EXERCISE INSTRUCTIONS: If a line in the listing contains "with", copy it out whole.
---------- TASK DATA ----------
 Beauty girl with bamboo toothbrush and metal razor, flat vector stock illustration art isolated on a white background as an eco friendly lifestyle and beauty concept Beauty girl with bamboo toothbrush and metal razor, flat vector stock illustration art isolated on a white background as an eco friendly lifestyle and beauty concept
----------
---------- TASK DATA ----------
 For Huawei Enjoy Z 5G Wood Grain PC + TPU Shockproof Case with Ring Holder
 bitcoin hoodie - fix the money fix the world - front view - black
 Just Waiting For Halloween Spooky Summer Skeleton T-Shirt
----------
RESPONSE BOX:
 Beauty girl with bamboo toothbrush and metal razor, flat vector stock illustration art isolated on a white background as an eco friendly lifestyle and beauty concept Beauty girl with bamboo toothbrush and metal razor, flat vector stock illustration art isolated on a white background as an eco friendly lifestyle and beauty concept
 For Huawei Enjoy Z 5G Wood Grain PC + TPU Shockproof Case with Ring Holder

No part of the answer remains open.